The luxury travel market is well past the worry of the recession and is increasing at a much faster rate than any year since 2007—that's according to Luxury Travel Advisor's 2018 Advisor Survey, which was announced at its ULTRA Summit.
To open the conference, Ruthanne Terrero, vice president of content and editorial director for Luxury Travel Advisor, discussed the Advisor Survey results, which were used as a guideline for presentations, dialogues and events. Luxury Travel Advisor asked all attending advisors a handful of "state-of-your-business" questions to get a pulse on the industry. The short answer is that business is booming. Here's what we learned.
Spending is back to pre-2007 levels and so is the mentality. People are booking more and more suite-level accommodations everywhere and they are surprised when their first choices are not available. The recession is firmly in the rear-view mirror among many clients. Even when they first began booking luxury accommodations following 2008, some might have been "embarrassed" to discuss their travel; now, however, bragging on social media and to family and friends is almost commonplace; it's creating competition among consumers, which is good news for advisors, who can help them book the most exclusive trips.
As for the advisors in attendance, 39 percent replied that their business grew by 10 percent over 2017. Even more impressive, 19 percent said that their business has increased by 25 or more percent. Looking forward, 35 percent of advisors expect their business to grow by more than 25 percent in the next five years.
"Business is pouring in the door both from past customers, referred individuals and new to (any) agency customers," says one advisor. "And, there are fewer and fewer inquiries from people who are resistant to paying consulting fees."

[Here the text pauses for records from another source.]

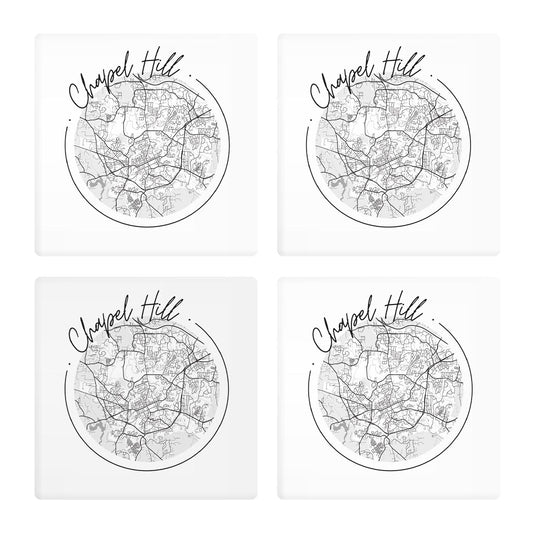 Minimalistic B&W North Carolina Chapel Hill Circle Map | Absorbent Coasters | Set of 4 | Min 2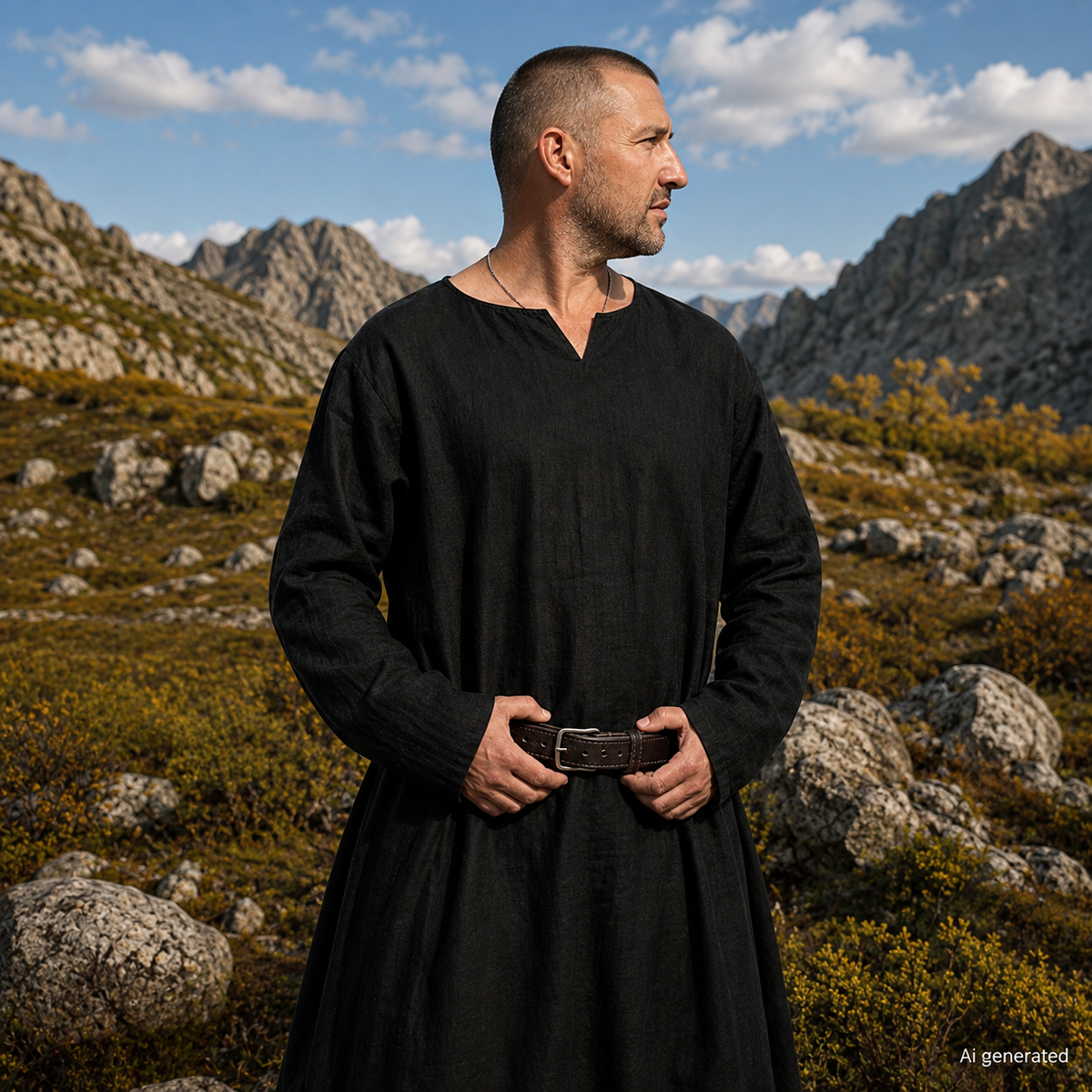 Warden of Eldwyn Linen Tunic, Black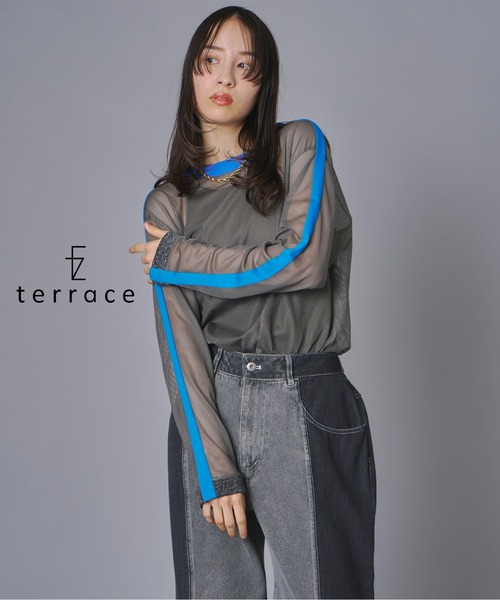 terrace(テラス)の「ラインメッシュプルオーバー(Tシャツ/カットソー・レディース・ブラック/グレー/オフホワイト・FREE)」の3枚目の写真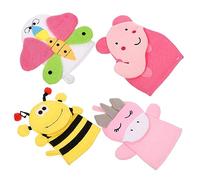 Abaodam Guanti da Bagno per Ragazzo Ragazza Cartone Animato 4 Pezzi in Cotone Composito Design Unico per Esfoliazione e Rimozione Olio, Facili da Trasportare, per Doccia e Stili multipli
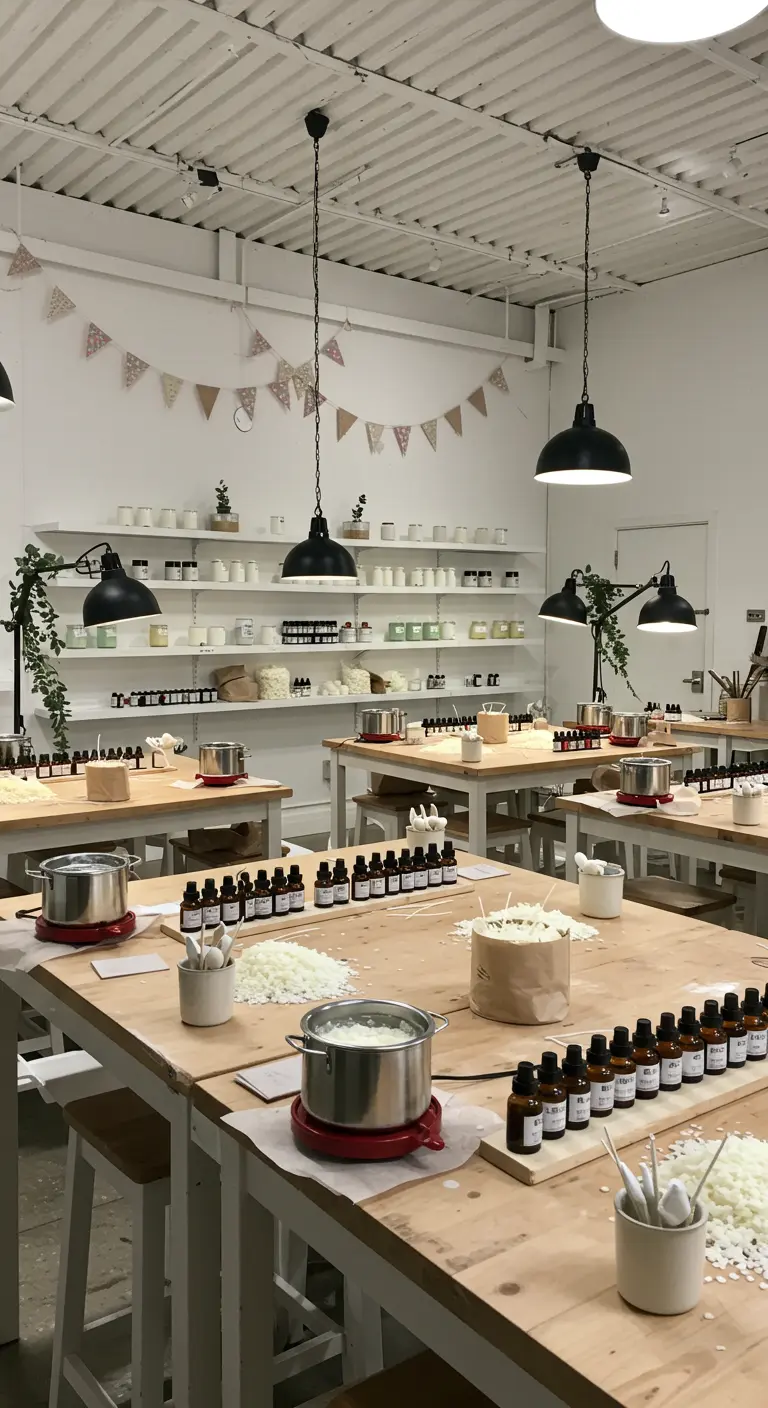 Een workshopruimte ingericht voor het maken van geurkaarsen.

"We have had the busiest year since opening in 2012 and increased our booking fees," says another advisor. "Sales are way up year over year. We have closed over 90 percent of our quotes into bookings and our luxury business is better than ever, accounting for approximately 70 percent of sales."
The fact that both these advisors were able to either increase their booking fees or see less resistance among clients is important. Among the biggest issues that advisors are currently facing, a lack of time was a common response.
"'Time-challenged' is always our status," one advisor tells us. "Bookings are all extremely complicated, often with five or more suppliers involved. We operate much like financial planners who offer a portfolio of services—and thus our hourly fees."
Your time as an advisor is extremely valuable. Make sure none of it is going to waste by first vetting your clients to make sure they're a proper fit for you but also by charging them fees to be sure they're not wasting your time and are truly valuing your expertise.
Additional challenges that advisors are facing include too much—or, interestingly enough, too little product. The former is an issue in that clients are often overwhelmed by the number of options, while the latter causes issues for travelers looking to explore secondary or off-the-beaten-path destinations. The availability of top accommodations, increasing demand and (again, interesting), attracting new clients are also top concerns.
To end with a few positives: Average trip spend saw a tie between $10,000 to $25,000 and $25,000 to $50,000 as the most common prices, with each receiving 39 percent of the vote. Just over half (52 percent) of advisors reported that spending in 2018 is up 10 to 20 percent over 2017. And while 68 percent of advisors said the average age of their clients in 51-75 years old, 29 reported that the average age is 31 to 50, meaning they're attracting a younger clientele who they can continue to manage for several decades more.